# Problem details
Retype the entries, please, from their first line to the line containing "May include: A clear", exactly and only those lines, minus the pictures.

Brief descriptive captions:
---*---

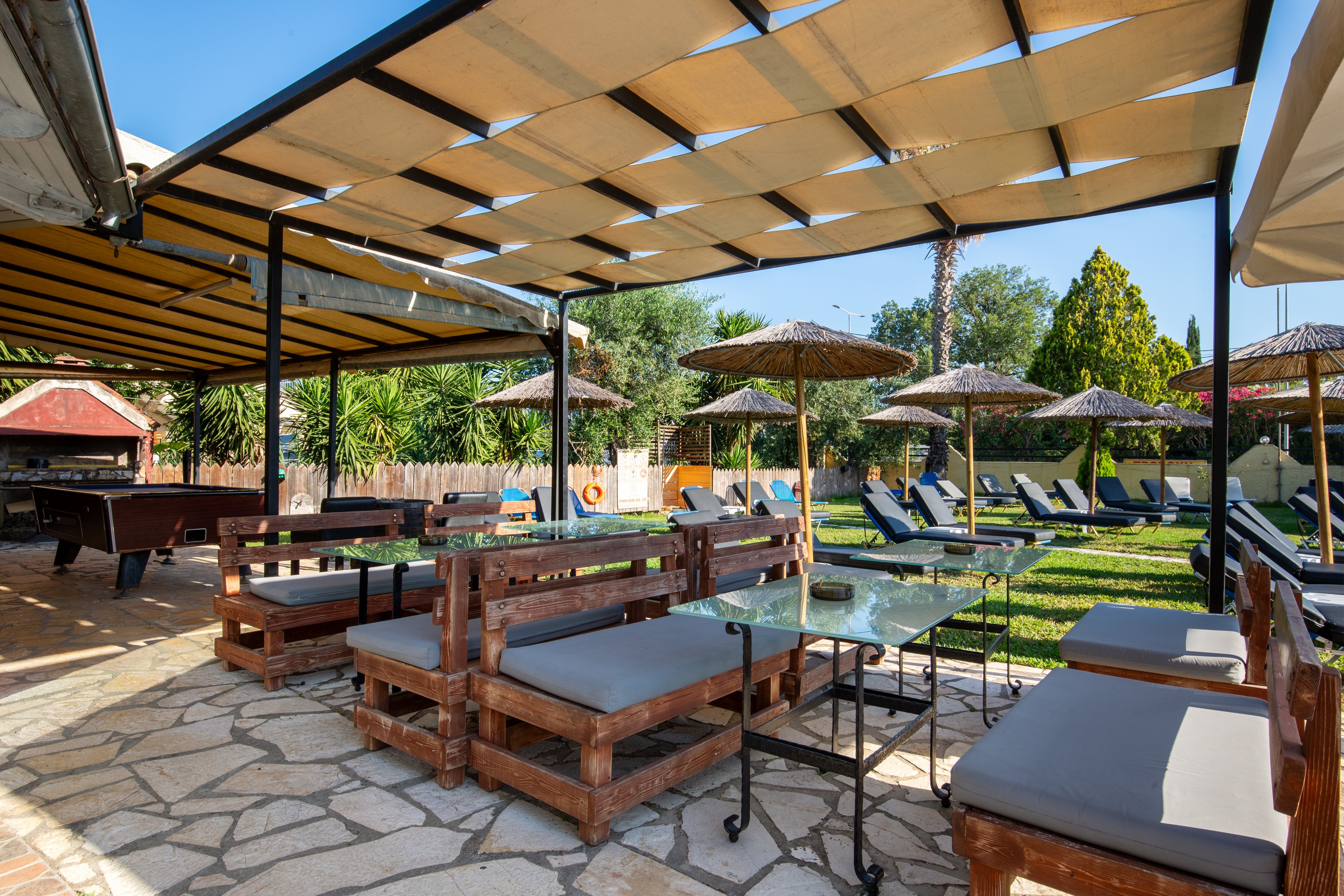 An outdoor resort lounge area features wooden benches with gray cushions arranged around glass-topped tables under a large pergola. The stone-paved patio opens onto a grassy lawn lined with reclining sunbeds and straw parasols. In the background, lush greenery and trees create a relaxed, tropical atmosphere. The scene is brightly lit, suggesting a sunny day ideal for leisure and relaxation.
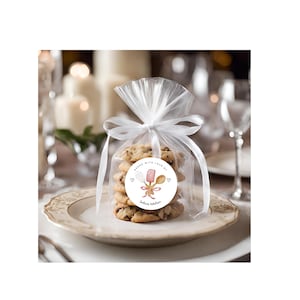 May include: A clear cellophane bag tied with a white ribbon, filled with chocolate chip cookies. A round sticker on the bag reads "Baked with love by Julie's Kitchen" with a whisk, spoon, and heart illustrations. The cookies sit on a white plate.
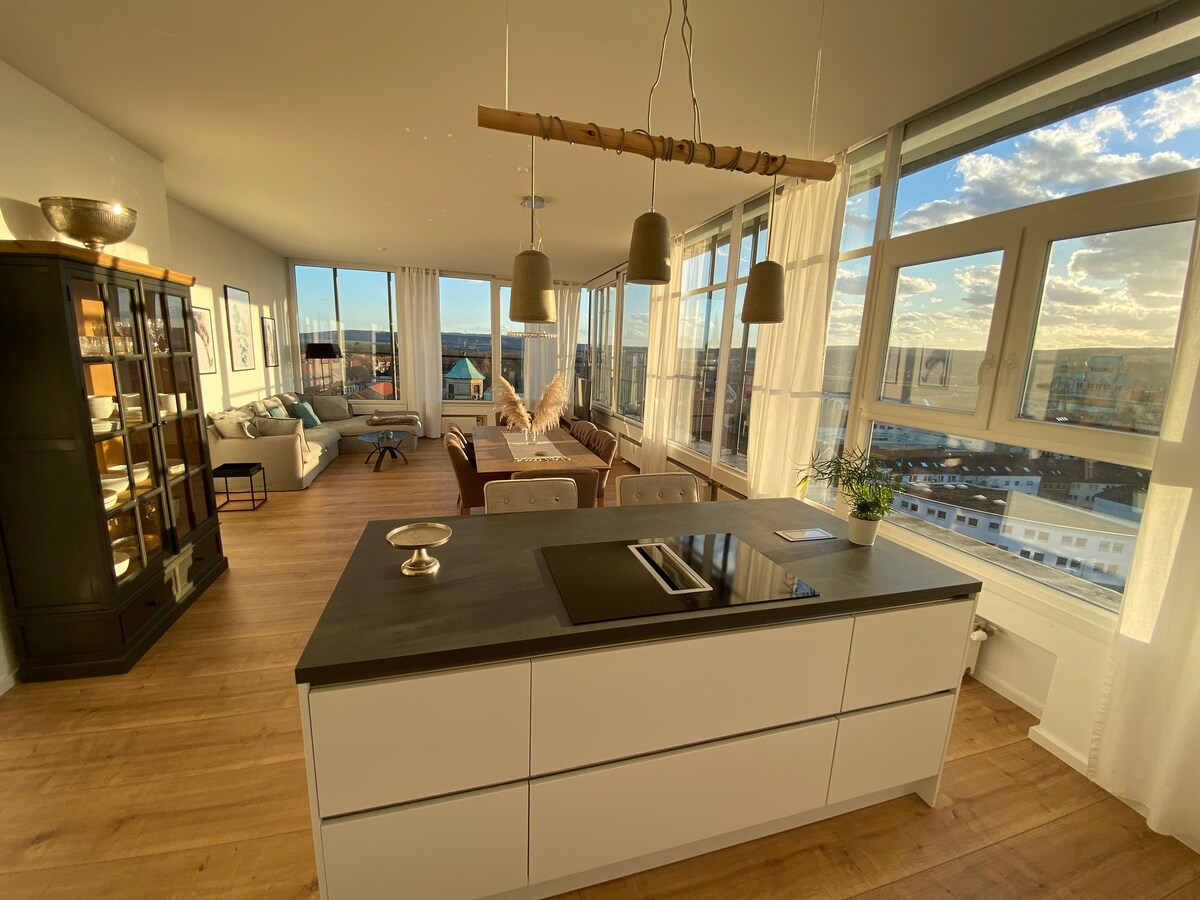 A modern kitchen features a sleek island with a cooktop and minimalist cabinetry. Large windows allow natural light to illuminate the adjoining living area, showcasing comfortable seating and scenic views. The open layout enhances connectivity throughout the space.
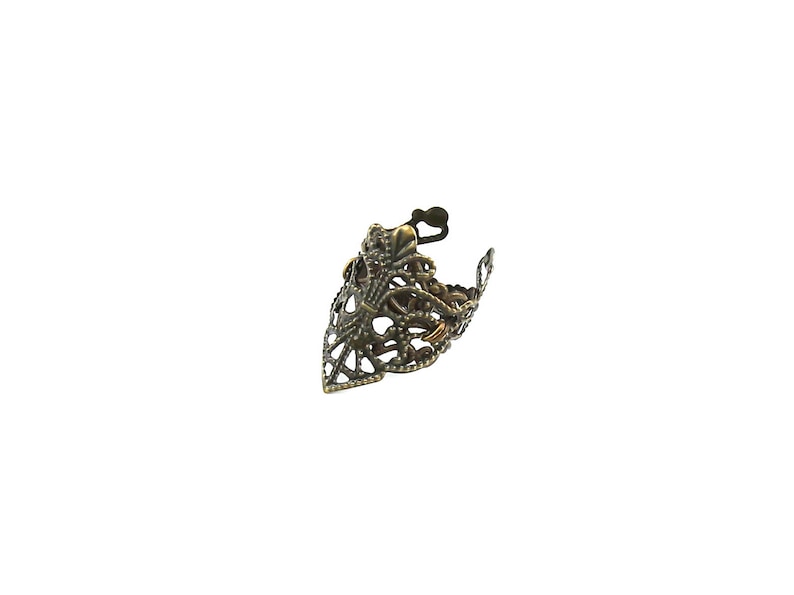 May include: A gold-toned filigree ring with a pointed design. The ring is made of metal and has a delicate, intricate pattern.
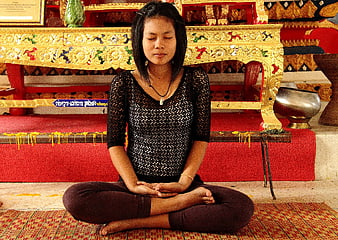 Young woman meditating in a Thai temple interior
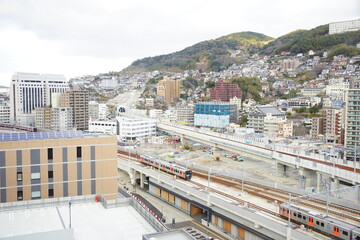 Inasayama Mountain and Nagasaki Station in Nagasaki, Japan - 日本 長崎駅前 街並み 稲佐山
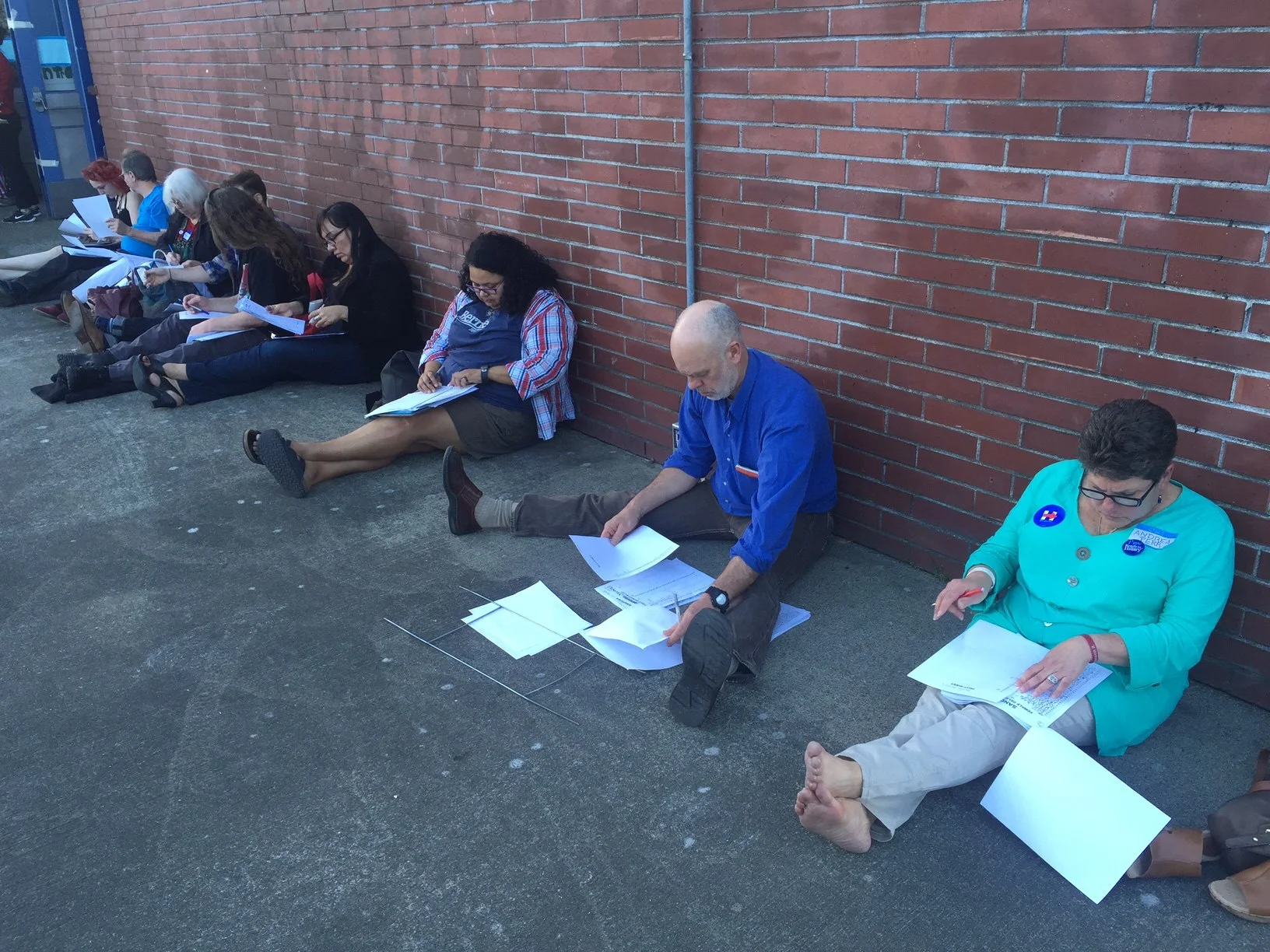 Sanders and Clinton Supporters working side by side in the 43rd counting delegate selection ballots - Photo credit - James Apa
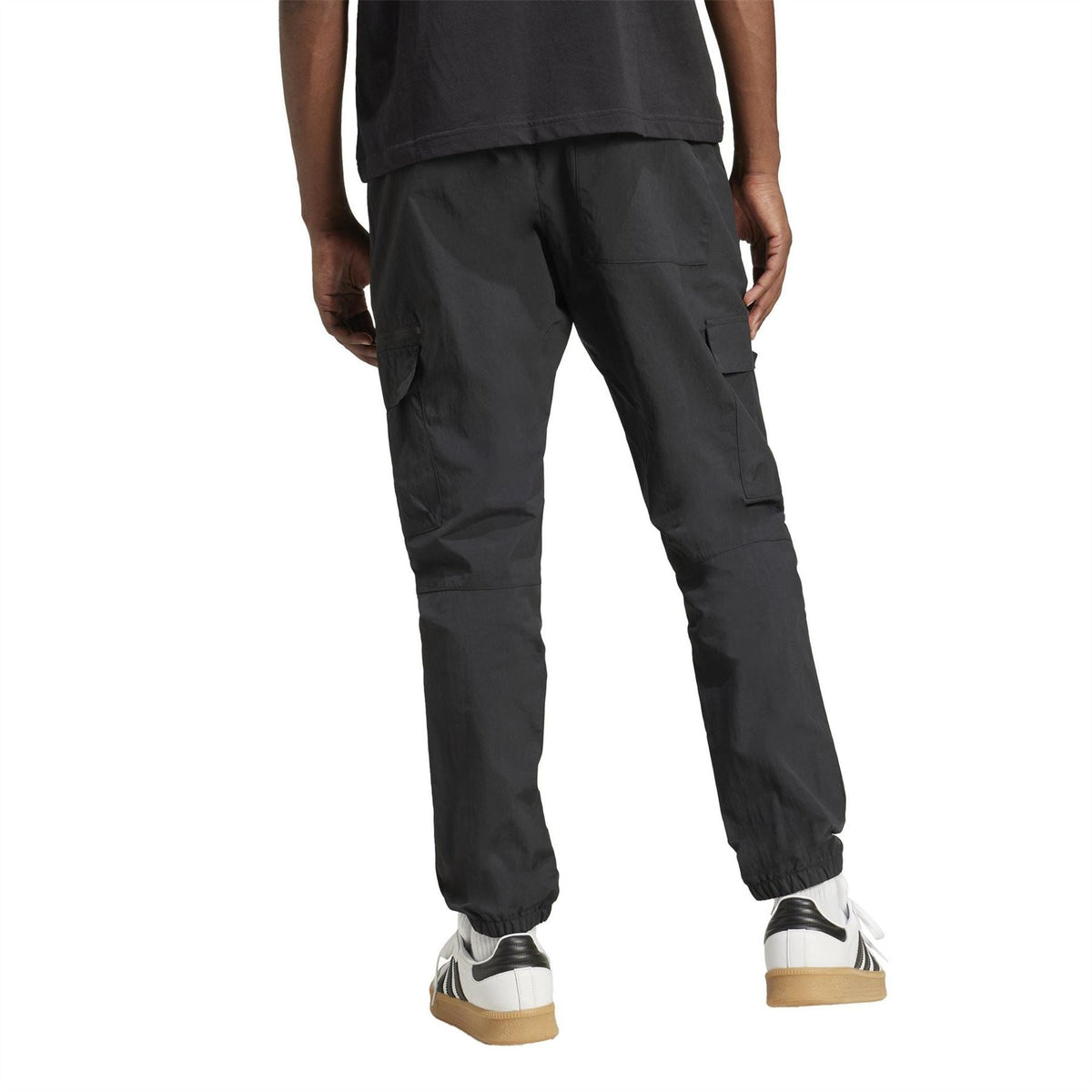 Black cargo pants with relaxed fit, tapered legs, and side cargo pockets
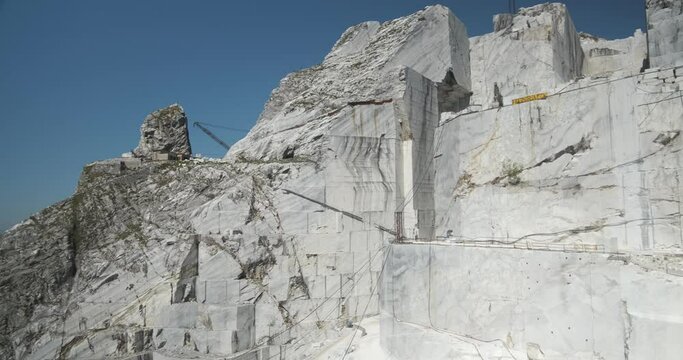 Large white marble quarry with blue sky background.There is a derrick type crane used to lift the large weights of the marble blocks. The cuts of the marble.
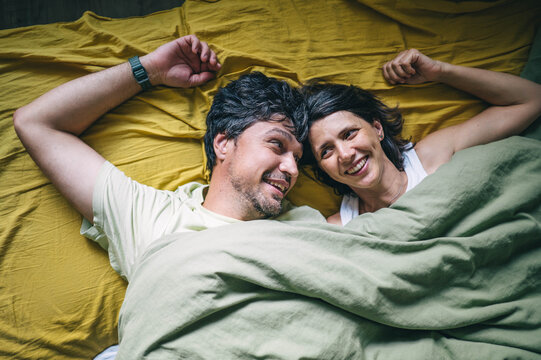 Happy husband and wife lying in bed smiling at each other
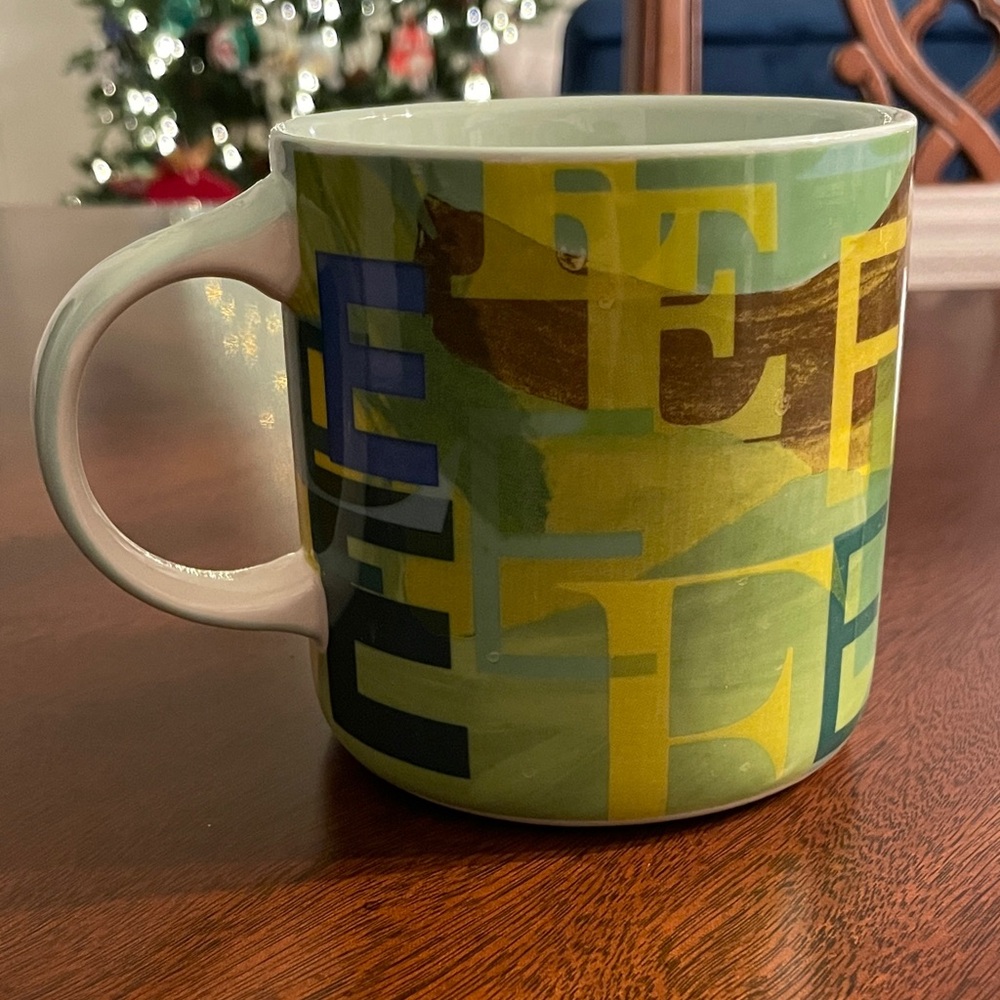 Anthropologie Lottie Monogram Mug with the letter "E".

---*---

# Answer
 An outdoor resort lounge area features wooden benches with gray cushions arranged around glass-topped tables under a large pergola. The stone-paved patio opens onto a grassy lawn lined with reclining sunbeds and straw parasols. In the background, lush greenery and trees create a relaxed, tropical atmosphere. The scene is brightly lit, suggesting a sunny day ideal for leisure and relaxation.
 May include: A clear cellophane bag tied with a white ribbon, filled with chocolate chip cookies. A round sticker on the bag reads "Baked with love by Julie's Kitchen" with a whisk, spoon, and heart illustrations. The cookies sit on a white plate.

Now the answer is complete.